Knowledge Knugget, 8/7/2008
Continuing with our issues regarding DBAs of Insureds….
4. Not only can the inclusion of DBAs in the Named Insured imply that those who are not listed would not be covered, there is also the question of operations conducted outside the DBAs, and in the legal entity’s own name. For example, if Acme Corp. does business as Joe’s Business Consulting, and Joe takes a large job as Acme Corp., if the declarations page reads “Acme Corp. dba Joe’s Business Consulting” is Acme Corp covered for consulting done in its own name? Food for thought.
And you can see the even greater difficulty if Joe’s Business Consulting was the Named Insured, Joe performed his services as Acme Corp., and a claim came in against Acme, as we discussed last week.

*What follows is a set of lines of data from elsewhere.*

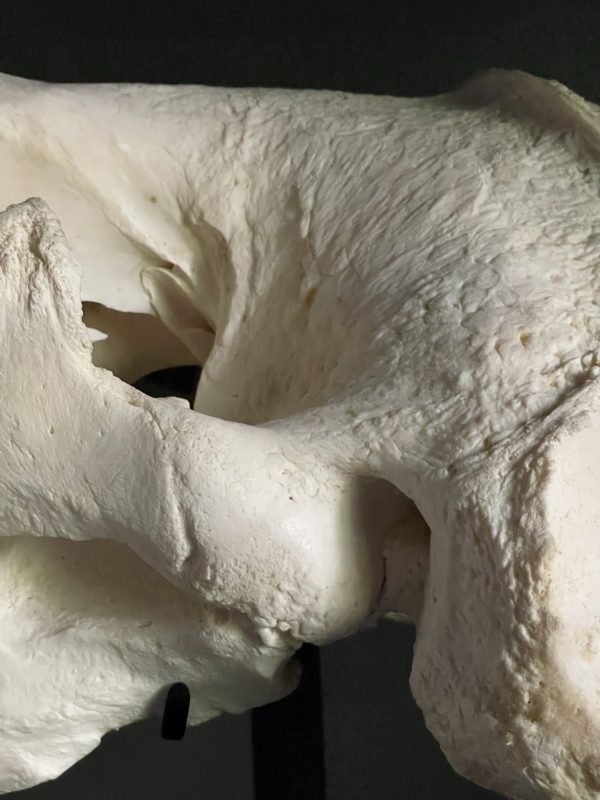 Very heavy walrus skull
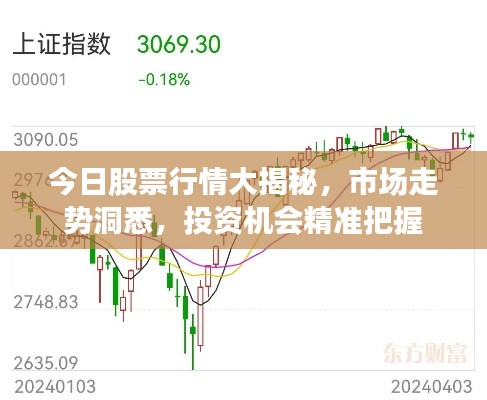 今日股票行情大揭秘,市场走势洞悉,投资机会精准把握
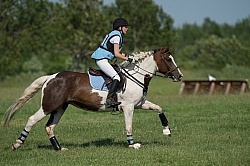 Leg Protection Eventing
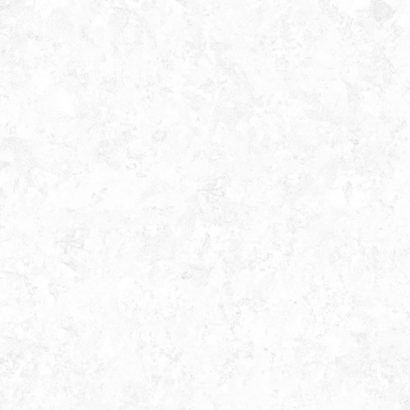 Вуд Вайт / Wood White 249*500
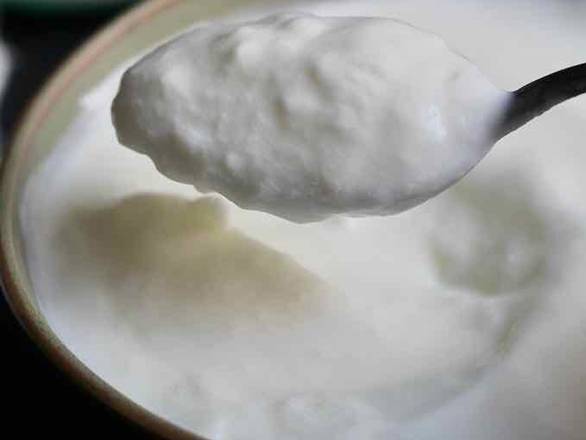 Plain Yogurt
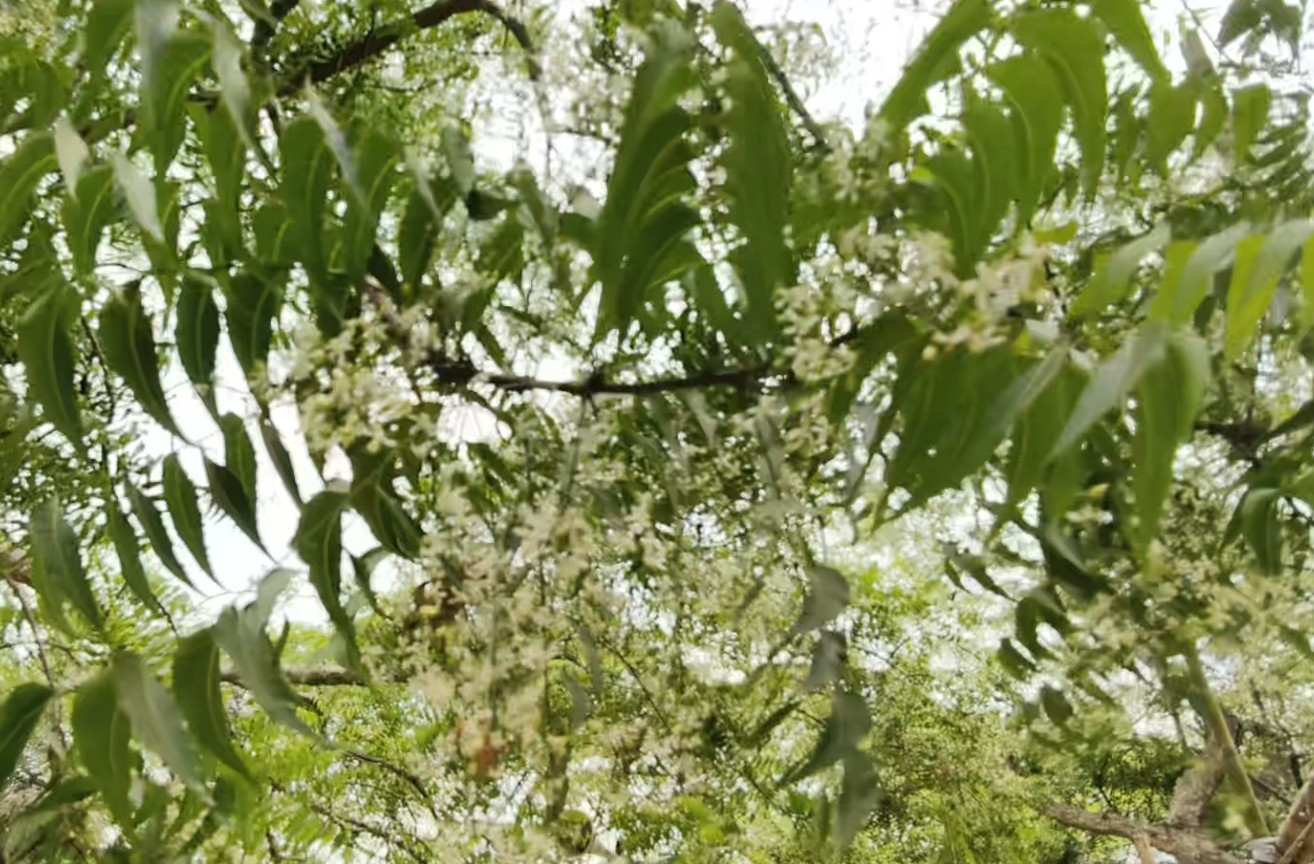 କସର୍ଦ୍ଦା ଦିପୋଟିରେ ରହିଛି ନିମ୍ବ ଗଛ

5. The last issue for this segment is that if the Named Insured is a DBA, there can be all manner of gyrations underneath that level that might never come to your attention, but which can void or compromise coverage. Actual ownership of the underlying entity can change, the entity itself can be bought or sold, but if the DBA is the Named Insured, and it continues its operations and public presentation with no change, the insured(s) may never think to come to you to effect appropriate changes in their policies. If a claim occurs, not only could there be questions raised about continuity and identity of the entity(ies) insured, but policy conditions prohibiting assignment of the policy without carrier consent could come into play to void coverage, and change of control provisions could also have been unwittingly triggered, no tail offered, etc.
There are a few ways to address these issues and pitfalls.
First, make sure you understand how your insured is structured and what their legal names and entities are. Make sure all legal entities are shown on the applications, and on the policies. That will eliminate the situation where the carrier pleads ignorance, never having heard of the underlying entity prior to the claim.
Second, if your insured is concerned about coverage for DBAs, ask them to provide you with a list of all dbas, and refresh that list during your annual account review. Also advise your insured to keep you apprised of any and all changes and additions to DBAs. Take that list, and submit it to your underwriter or wholesaler, and ask them DBAs are handled, and how they want to keep track of them, if they feel they need to. The key question is – does a DBA need to be shown on the policy to trigger coverage if a claim is made against them. (I will survey companies on this matter at some point in the future and share my results.)
Third, if your insured does 100% of their operations under a limited, stable number of DBAs, listing the legal entity and the DBAs on the dec is relatively safe and straightforward, but see concern 4 above.
Carriers are generally more likely to respond to a claim against a DBA if they insure the underlying legal entity, than they are the other way around. So the most important thing to remember is that the underlying legal entity must be named on the policy.
There are more things to discuss regarding names, but we’ll take a bit of a break and return to the subject later.